Today is Cyber Monday, as dubbed by the National Retail Federation. A lot of stores are having one-day online sales to keep people in the shopping mood. But the Grinch could be out there somewhere, plotting . . .

Grinch: I must stop Christmas from coming! But . . . how?

Could all those toy recalls be his idea? Ashley Milne-Tyte has more.


Ashley Milne-Tyte: Toy recalls happen every year. But this year, some famous names, like Thomas the Tank Engine, lost their place on the shelves.

Chris Byrne is a toy analyst. He says the recalls may have made parents a little wary, but most won’t change their buying habits — because they don’t want to be the Grinch who stole Christmas.

Chris Byrne: When parents are buying holiday gifts, it’s about order fulfillment, or wish granting, more kindly put.
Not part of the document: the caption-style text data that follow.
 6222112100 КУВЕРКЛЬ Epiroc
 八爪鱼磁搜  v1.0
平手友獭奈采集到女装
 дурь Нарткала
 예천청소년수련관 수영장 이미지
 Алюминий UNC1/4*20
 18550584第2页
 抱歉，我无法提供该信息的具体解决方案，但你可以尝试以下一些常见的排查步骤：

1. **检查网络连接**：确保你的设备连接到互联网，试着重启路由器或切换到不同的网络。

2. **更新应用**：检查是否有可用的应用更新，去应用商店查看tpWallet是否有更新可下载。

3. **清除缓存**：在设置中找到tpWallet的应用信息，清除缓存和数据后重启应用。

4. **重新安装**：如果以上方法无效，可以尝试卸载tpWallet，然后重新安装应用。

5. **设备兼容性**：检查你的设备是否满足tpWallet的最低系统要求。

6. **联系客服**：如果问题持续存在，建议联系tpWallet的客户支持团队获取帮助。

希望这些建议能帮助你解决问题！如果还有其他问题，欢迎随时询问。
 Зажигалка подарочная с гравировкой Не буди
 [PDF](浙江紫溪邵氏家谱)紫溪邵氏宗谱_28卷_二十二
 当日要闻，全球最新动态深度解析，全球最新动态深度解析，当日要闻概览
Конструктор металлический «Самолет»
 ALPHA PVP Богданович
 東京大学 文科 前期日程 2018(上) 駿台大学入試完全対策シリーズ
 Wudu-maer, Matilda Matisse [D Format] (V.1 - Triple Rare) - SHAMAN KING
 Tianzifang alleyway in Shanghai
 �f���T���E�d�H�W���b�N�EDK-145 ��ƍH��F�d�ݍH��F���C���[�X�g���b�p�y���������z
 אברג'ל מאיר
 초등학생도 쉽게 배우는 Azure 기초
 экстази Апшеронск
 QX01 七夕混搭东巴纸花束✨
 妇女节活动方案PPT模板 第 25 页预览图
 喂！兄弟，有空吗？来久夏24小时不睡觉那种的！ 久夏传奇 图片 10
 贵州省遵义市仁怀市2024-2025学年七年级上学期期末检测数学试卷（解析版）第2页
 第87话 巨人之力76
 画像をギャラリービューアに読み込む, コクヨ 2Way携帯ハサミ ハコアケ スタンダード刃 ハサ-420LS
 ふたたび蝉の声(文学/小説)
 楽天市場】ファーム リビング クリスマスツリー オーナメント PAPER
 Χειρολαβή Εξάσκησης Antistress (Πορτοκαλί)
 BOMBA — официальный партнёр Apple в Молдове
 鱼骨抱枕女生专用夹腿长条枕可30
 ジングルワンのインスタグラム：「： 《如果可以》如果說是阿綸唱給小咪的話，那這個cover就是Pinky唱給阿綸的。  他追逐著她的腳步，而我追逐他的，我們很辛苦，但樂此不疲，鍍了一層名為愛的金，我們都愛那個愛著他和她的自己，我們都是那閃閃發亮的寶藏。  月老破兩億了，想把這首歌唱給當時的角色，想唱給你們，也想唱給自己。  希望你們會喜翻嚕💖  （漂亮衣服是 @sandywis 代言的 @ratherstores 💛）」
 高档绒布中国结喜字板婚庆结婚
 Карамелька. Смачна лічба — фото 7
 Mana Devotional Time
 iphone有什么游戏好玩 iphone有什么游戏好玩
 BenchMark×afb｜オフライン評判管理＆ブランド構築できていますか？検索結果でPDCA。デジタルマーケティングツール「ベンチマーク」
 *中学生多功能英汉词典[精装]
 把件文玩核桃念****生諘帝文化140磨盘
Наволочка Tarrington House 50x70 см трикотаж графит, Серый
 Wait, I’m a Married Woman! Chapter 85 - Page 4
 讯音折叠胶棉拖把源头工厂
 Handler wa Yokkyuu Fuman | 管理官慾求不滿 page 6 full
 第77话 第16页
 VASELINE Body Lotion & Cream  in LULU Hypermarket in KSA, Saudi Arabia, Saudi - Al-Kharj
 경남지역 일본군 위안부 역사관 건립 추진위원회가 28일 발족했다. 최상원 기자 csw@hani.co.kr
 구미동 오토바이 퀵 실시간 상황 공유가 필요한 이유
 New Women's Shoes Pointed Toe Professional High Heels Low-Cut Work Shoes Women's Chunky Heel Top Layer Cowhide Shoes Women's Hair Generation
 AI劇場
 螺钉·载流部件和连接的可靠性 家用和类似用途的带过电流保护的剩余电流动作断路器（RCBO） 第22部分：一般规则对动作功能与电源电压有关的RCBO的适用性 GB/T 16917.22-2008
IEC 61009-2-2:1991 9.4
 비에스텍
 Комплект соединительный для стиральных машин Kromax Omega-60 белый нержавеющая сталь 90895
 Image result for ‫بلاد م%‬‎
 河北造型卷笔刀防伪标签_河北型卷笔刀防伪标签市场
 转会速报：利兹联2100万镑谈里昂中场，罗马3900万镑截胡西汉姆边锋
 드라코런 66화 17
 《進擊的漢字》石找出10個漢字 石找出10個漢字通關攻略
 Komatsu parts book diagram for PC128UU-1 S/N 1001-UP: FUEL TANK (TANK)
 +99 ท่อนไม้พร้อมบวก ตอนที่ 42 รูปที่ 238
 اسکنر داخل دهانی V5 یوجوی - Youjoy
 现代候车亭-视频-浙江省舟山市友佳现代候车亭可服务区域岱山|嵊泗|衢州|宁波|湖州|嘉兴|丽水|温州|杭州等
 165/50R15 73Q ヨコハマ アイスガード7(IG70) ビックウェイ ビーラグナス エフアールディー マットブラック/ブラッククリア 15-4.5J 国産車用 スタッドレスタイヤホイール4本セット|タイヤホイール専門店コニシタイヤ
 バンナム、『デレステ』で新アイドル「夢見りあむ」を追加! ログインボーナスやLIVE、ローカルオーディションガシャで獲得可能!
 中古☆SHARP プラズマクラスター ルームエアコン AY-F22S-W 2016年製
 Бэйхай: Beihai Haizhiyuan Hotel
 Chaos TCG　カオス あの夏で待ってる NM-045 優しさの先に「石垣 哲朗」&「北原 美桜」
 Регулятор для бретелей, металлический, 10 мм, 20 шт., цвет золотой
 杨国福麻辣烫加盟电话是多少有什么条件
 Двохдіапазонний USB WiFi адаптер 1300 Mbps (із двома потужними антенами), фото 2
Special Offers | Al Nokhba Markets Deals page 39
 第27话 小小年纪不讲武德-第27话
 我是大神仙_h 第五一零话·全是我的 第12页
If there’s a decline in the toy industry, I think it’s gonna have to do with other macroeconomic issues.

Like high gas prices or maxed-out credit cards. He says this holiday season could be the safest in years.

Byrne: The level of testing at all stages of production that’s been going on for toys that are now coming into the U.S., I think that they can buy with more confidence.

Byrne says lead paint may have grabbed the headlines in the last few months, but he says lead doesn’t top the list of what toy buyers should worry about, Loose toy parts are still the biggest threat, especially for children under 3.

In New York, I’m Ashley Milne-Tyte for Marketplace.